地獄とは仏教の教えで前世の悪業の苦報を受ける所という意味ですが、至る所から高温の温泉と噴気が激しく噴出し、強い硫黄臭が漂う中、湯けむりをもうもうと立たせるさまは、恐ろしげな地獄の景色そのものと言えるでしょう。
雲仙の湯けむりの正体
雲仙地獄のエネルギー源は、橘湾の海底のマグマ溜りだと考えられています。このマグマ溜りから発生した高温高圧のガスは、岩盤の裂目を通って上昇し、その途中で化学変化を起こし、いったん高温熱水となります。その熱水の沸騰によって生じたガスが、激しい噴気となって現れており、雲仙の温泉はこのガスとまわりの山からの地下水が混ざり合って生成されたものです。
温泉の泉質と効能
雲仙の温泉の泉質は硫酸酸性の硫黄泉で、強い酸性を示しています。温泉の最高温度は98℃、主成分は鉄イオン、アルミニウムイオン、硫酸イオン、リュウマチ、糖尿病、皮膚病に効果があります。

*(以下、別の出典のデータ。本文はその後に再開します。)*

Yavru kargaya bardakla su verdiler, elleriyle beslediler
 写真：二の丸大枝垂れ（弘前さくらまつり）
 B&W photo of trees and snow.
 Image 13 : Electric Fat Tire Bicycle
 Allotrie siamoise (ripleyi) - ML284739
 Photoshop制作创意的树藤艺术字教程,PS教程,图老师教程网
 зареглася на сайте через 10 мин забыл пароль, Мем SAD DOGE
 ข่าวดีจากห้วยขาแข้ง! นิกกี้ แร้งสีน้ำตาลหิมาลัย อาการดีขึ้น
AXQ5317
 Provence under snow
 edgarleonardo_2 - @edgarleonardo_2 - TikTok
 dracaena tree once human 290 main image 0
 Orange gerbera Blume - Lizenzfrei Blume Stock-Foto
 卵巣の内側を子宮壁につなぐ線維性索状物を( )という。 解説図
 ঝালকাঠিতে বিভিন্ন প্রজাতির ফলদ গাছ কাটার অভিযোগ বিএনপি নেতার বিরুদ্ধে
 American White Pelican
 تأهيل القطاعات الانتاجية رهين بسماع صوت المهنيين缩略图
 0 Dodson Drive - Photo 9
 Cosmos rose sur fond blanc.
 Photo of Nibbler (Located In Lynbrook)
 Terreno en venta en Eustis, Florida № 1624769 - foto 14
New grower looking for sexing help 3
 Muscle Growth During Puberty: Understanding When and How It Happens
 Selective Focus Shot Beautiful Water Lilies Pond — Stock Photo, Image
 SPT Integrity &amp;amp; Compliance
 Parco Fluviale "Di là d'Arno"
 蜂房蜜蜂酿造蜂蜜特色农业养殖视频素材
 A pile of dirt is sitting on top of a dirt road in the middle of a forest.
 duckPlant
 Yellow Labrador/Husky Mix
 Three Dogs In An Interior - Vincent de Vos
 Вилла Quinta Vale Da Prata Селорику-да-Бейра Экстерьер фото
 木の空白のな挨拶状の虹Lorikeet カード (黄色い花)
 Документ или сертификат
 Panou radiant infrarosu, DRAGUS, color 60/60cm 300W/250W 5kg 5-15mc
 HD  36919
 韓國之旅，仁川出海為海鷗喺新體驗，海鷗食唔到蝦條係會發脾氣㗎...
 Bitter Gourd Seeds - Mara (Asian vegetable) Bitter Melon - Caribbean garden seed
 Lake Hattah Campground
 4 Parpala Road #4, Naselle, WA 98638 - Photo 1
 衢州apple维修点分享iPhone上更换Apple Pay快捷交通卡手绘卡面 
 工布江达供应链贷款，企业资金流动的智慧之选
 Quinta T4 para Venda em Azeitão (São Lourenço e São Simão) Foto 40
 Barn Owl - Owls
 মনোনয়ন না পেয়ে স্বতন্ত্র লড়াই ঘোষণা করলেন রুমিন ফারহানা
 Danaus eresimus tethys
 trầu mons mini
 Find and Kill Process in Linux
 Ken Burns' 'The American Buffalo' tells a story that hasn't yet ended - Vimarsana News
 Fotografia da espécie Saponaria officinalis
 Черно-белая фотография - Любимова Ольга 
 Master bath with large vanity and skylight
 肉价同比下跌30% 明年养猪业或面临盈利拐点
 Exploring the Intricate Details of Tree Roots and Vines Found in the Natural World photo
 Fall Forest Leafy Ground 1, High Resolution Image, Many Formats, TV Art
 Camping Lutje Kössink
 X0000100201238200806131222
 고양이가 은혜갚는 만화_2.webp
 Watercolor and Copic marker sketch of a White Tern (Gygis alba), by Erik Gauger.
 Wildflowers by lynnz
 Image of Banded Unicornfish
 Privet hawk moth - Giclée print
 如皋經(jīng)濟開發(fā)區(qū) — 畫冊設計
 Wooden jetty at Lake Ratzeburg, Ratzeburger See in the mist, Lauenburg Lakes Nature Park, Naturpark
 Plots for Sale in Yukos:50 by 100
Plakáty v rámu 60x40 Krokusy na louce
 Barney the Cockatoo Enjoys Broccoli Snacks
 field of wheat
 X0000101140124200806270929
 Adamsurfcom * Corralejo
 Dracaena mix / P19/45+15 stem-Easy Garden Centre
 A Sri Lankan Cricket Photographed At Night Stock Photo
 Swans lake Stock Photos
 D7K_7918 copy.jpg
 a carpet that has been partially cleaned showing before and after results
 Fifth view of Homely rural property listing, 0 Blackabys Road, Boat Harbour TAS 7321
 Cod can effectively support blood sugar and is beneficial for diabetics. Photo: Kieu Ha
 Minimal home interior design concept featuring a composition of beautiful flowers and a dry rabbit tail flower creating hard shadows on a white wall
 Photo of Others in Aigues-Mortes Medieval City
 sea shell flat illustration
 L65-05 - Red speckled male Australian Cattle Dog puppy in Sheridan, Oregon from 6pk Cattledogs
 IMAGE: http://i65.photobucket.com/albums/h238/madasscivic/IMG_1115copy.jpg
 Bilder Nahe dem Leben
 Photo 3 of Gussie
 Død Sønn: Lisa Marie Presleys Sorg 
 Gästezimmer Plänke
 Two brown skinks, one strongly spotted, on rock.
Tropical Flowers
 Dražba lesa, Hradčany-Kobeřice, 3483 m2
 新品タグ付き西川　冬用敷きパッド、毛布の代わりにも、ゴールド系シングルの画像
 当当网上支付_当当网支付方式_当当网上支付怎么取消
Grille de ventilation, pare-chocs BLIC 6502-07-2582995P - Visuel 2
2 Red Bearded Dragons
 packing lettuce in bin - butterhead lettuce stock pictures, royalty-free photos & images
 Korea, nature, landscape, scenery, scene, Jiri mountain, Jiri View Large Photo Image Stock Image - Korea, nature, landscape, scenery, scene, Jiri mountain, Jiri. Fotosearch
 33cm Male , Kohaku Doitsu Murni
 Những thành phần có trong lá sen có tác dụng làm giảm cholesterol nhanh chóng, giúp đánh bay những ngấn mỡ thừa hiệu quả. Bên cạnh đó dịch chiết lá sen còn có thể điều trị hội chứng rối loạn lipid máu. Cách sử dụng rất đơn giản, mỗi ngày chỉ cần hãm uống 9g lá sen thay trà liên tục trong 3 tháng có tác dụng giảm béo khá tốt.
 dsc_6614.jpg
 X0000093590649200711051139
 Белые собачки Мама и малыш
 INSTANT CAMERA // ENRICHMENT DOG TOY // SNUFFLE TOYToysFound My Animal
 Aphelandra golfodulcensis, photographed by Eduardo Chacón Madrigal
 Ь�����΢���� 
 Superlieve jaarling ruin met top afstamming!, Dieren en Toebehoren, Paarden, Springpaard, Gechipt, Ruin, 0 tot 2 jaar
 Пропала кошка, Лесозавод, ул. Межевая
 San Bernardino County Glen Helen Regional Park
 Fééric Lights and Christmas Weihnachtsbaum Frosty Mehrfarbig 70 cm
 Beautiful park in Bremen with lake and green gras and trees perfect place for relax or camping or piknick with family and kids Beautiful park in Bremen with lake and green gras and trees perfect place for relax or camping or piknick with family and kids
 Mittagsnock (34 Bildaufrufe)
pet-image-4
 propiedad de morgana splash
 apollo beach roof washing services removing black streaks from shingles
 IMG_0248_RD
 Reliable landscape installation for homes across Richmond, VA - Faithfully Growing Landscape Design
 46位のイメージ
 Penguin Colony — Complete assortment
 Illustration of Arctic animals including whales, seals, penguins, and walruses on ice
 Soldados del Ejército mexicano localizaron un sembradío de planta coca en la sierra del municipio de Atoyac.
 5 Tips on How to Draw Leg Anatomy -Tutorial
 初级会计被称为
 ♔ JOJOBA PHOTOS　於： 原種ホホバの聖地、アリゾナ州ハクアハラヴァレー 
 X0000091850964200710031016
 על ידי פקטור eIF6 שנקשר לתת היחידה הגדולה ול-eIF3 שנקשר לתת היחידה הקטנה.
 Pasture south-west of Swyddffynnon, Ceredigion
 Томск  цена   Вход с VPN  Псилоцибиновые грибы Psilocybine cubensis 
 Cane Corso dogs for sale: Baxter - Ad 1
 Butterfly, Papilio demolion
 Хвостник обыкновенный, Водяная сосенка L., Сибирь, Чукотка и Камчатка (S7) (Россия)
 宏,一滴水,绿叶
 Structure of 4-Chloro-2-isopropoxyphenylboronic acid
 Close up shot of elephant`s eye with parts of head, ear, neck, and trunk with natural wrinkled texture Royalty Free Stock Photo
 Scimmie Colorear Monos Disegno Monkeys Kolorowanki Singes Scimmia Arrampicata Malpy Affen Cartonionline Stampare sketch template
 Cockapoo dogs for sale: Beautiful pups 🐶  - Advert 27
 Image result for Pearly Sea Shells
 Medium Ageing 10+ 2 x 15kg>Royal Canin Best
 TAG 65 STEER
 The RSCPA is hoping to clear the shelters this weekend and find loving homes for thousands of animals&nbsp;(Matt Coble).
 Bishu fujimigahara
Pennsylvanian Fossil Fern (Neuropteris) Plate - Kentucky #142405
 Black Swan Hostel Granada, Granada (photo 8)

また、シューシューと音を立てて吹き出している噴気の最高温度は120℃。大部分が水蒸気ですが、炭酸ガス、硫化水素ガスを含み、強い硫黄臭を漂わせています。
温泉余土と湯ノ花
地獄地帯の岩石は噴気や温泉の熱と酸性水の影響で変質し、白く脱色した粘土状の温泉余土となっています。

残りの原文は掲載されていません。